Mais un journaliste, c’est quelqu’un qui pose de vraies questions, qu’est-ce que vous suspectez. Il y a un monsieur, à propos de l’immobilier, qui a suspecté quelque chose, je vais vous donner un scoop, un élu de Paris qui a suspecté notre filiale immobilière de permettre l’enrichissement de l’association. Il a été condamné au pénal en première instance, il était élu parisien, il a fait appel, il a été condamné en seconde instance. Enrichir une association, c’est enrichir personne, comme vous le savez.
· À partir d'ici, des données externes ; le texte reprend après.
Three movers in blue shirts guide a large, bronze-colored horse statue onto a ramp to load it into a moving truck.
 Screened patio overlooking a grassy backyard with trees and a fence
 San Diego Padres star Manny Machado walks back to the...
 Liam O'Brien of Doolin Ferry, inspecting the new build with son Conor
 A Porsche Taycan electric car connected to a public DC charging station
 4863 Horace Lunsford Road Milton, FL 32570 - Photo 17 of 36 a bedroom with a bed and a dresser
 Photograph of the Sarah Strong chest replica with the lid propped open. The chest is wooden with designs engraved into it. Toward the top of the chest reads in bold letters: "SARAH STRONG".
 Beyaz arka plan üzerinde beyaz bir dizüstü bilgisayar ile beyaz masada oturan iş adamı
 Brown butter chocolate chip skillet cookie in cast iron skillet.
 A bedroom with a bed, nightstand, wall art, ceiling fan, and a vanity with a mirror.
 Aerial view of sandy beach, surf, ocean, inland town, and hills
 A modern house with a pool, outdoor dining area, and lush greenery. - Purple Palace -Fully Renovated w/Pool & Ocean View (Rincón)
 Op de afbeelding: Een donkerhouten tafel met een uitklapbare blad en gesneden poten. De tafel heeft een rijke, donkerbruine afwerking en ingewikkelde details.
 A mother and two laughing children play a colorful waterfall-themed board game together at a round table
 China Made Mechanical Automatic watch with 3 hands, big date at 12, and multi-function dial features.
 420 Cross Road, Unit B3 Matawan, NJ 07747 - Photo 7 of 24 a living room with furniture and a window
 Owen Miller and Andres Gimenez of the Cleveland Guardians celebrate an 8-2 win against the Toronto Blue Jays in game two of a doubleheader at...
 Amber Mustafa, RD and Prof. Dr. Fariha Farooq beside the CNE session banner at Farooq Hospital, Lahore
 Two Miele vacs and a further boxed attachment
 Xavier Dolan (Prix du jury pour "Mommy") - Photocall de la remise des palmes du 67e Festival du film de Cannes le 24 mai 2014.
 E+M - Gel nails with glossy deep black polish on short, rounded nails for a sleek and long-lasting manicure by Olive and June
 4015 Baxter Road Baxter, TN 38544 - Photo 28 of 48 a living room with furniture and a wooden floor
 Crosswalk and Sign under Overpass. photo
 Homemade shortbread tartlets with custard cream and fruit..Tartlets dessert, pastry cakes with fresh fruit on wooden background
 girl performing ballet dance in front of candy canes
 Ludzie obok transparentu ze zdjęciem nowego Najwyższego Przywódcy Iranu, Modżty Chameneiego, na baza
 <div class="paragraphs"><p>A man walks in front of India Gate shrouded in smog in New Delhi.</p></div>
C’est un ancien du Front national, c’est d’ailleurs de là ou de Minute que sont venues les attaques en général, alors au moins ça permet de clarifier les choses.

Vous connaissez une entreprise où il n’y a pas un salarié qui n’a pas été licencié et mécontent ? C’est quoi cette histoire ? Ces méthodes ?

Nous avons un témoignage et…

Il est quasi anonyme.

Il n’est pas anonyme. Dans le cadre de notre travail, nous n’allons pas citer cette source qui a demandé à ne pas être cité. On vous apporte son témoignage on vous demande de réagir.

Et vous appelez comment une source qui refuse d’être citée ?

La protection des sources est un droit reconnu.

Oui, évidemment, et demain, je pourrais écrire qu’une source m’a prévenu que votre enquête était purement à charge, dans le souci de nuire dès le départ, que vous avez traité un certain nombre d’interlocuteurs de manière peu convenable d’après leurs dires, et je vous dirais, c’est une source anonyme.

Qu’est-ce que vous appelez peu convenable ?

Peu convenable, c’est une source anonyme, et que l’enquête était faite à charge pour chercher je ne sais trop quoi. Pas très clean. Bon ben je ne vous recevrai plus. Je pense même que j’ai eu tort de vous recevoir.